Lecture 2: The grammar of graphics and filtering data

We’re going to pick up right where we left off yesterday in Problem Set 1, where you wrote a script to create a tbl containg several shooting statistics for NBA players between the 1996-97 season and the 2015-16 season. Your script could look something like what is the code block below, and for reasons that will become clear shortly, we are going to call our tbl raw_shooting (remember: writing code in script files is good practice!)

> library(tidyverse)
> # Read in data
> raw_shooting <- read_csv(file = "data/nba_shooting.csv")
Parsed with column specification:
cols(
  PLAYER = col_character(),
  SEASON = col_double(),
  FGM = col_double(),
  FGA = col_double(),
  TPM = col_double(),
  TPA = col_double(),
  FTM = col_double(),
  FTA = col_double()
)
> # Create new columns
> raw_shooting <-
+   mutate(raw_shooting,
+          FGP = FGM / FGA,
+          TPP = TPM / TPA,
+          FTP = FTM / FTA,
+          eFGP = (FGM + 0.5 * TPM) / (FGA),
+          PTS = FTM + 2 * FGM + TPM,
+          TSP = PTS/(2 * (FGA + 0.44 * FTA)))
> # Sort by the TSP in descending order
> raw_shooting <- arrange(raw_shooting, desc(TSP))

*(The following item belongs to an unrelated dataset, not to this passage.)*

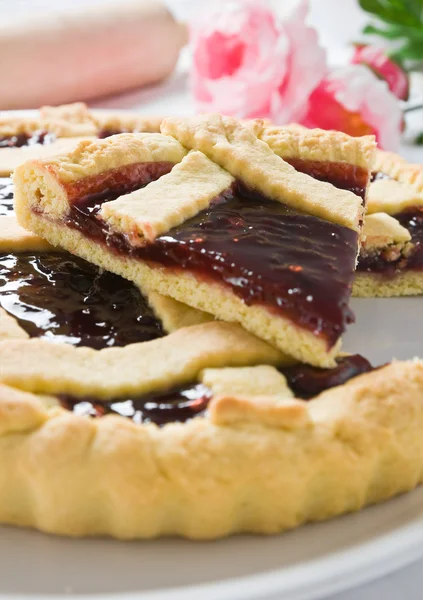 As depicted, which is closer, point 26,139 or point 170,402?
point 170,402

As we learned at the end of Lecture 1, rather than repeatedly referring to our tbl, we can use the pipe %>% to chain together our operations for a much cleaner chunk of code:

> # First read in the data, assigning pipeline to raw_shooting
> raw_shooting <- read_csv(file = "data/nba_shooting.csv") %>%
+   # Next create the new columns
+   mutate(FGP = FGM / FGA,
+          TPP = TPM / TPA,
+          FTP = FTM / FTA,
+          eFGP = (FGM + 0.5 * TPM) / (FGA),
+          PTS = FTM + 2 * FGM + TPM,
+          TSP = PTS / (2 * (FGA + 0.44 * FTA))) %>%
+   # And finally sort by TSP
+   arrange(desc(TSP)) 
Parsed with column specification:
cols(
  PLAYER = col_character(),
  SEASON = col_double(),
  FGM = col_double(),
  FGA = col_double(),
  TPM = col_double(),
  TPA = col_double(),
  FTM = col_double(),
  FTA = col_double()
)

Introduction to ggplot2

We will use visualizations to answer some questions about the data. Specifically, we will study the distribution of the individual columns as well as try to understand the relationship between pairs of variables. For instance, are players attempting and making more three point shots now than they did 10 years ago?

Throughout the week, we will be using the popular ggplot2 package (again created by Hadley Wickham and a member of the tidyverse) for all of our data visualizations. The gg stands for the grammar of graphics, an intuitive framework for data visualization. Given a dataset, such as raw_shooting, we want to map the columns to certain aesthetics of a visualization, such as the x-axis, y-axis, size, color, etc. Then a geometric object is used to represent the aesthetics visually such as a barchart or scatterplot. This framework separates the process of visualization into different components: data, aesthetic mappings, and geometric objects. These components are then added together (or layered) to produce the final graph. The ggplot2 package is the most popular implementation of the grammar of graphics and is relatively easy to use.

As you saw in Prof. Wyner’s lectures, histograms are a powerful way to describe a single dataset. Let’s start with making a histogram of field-goal percentage (FGP). To do so with ggplot2, we start by telling R which tbl we want to use as the data for the plot. This is done using the ggplot() function:

> ggplot(data = raw_shooting)

As you can see, nothing is displayed! That’s because we’ve just initialized the dataset to be used for creating the plot. Next, we need to map variables/columns from the data to aesthetics/properties of the plot. Examples include:

x: the variable that will be on the x-axis
y: the variable that will be on the y-axis
color: the variable that categorizes data by color
shape: the variable that categorizes data by shape

For the histogram, we map FGP to the x aesthetic with the aes() functions, displaying values of FGP along the x-axis:

> ggplot(data = raw_shooting, aes(x = FGP))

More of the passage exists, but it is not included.